**DATA UNDER STUDY**
______________________________

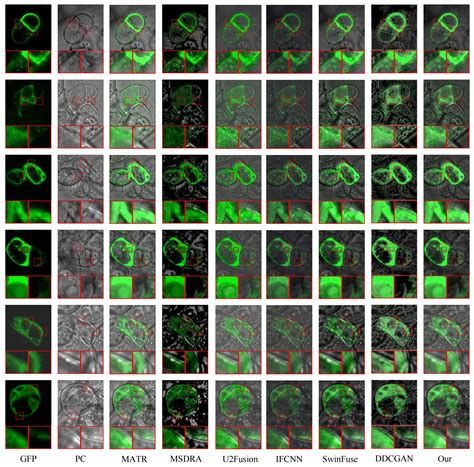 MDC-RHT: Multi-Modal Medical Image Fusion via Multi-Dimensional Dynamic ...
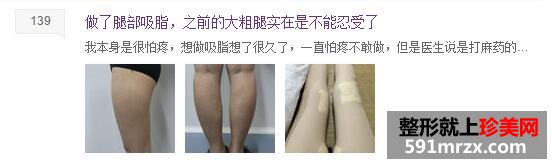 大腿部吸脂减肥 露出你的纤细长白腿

______________________________

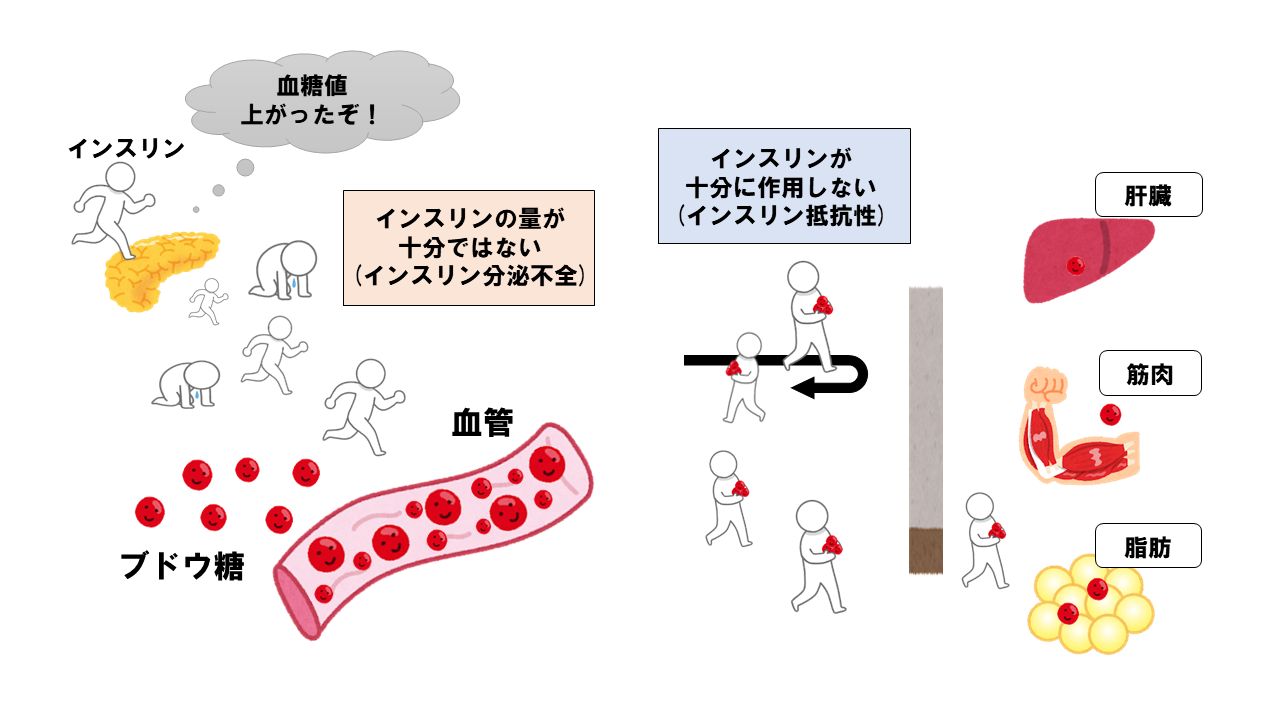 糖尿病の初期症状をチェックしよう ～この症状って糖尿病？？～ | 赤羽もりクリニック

______________________________

**PROBLEM REQUIREMENTS**
What you return must match the lines above from the one with "MDC-RHT: Multi-Modal Medical" through the one with "大腿部吸脂减肥 露出你的纤细长白腿" exactly, with both ends included and the pictures excluded.

**RESPONSE AREA**
 MDC-RHT: Multi-Modal Medical Image Fusion via Multi-Dimensional Dynamic ...
 大腿部吸脂减肥 露出你的纤细长白腿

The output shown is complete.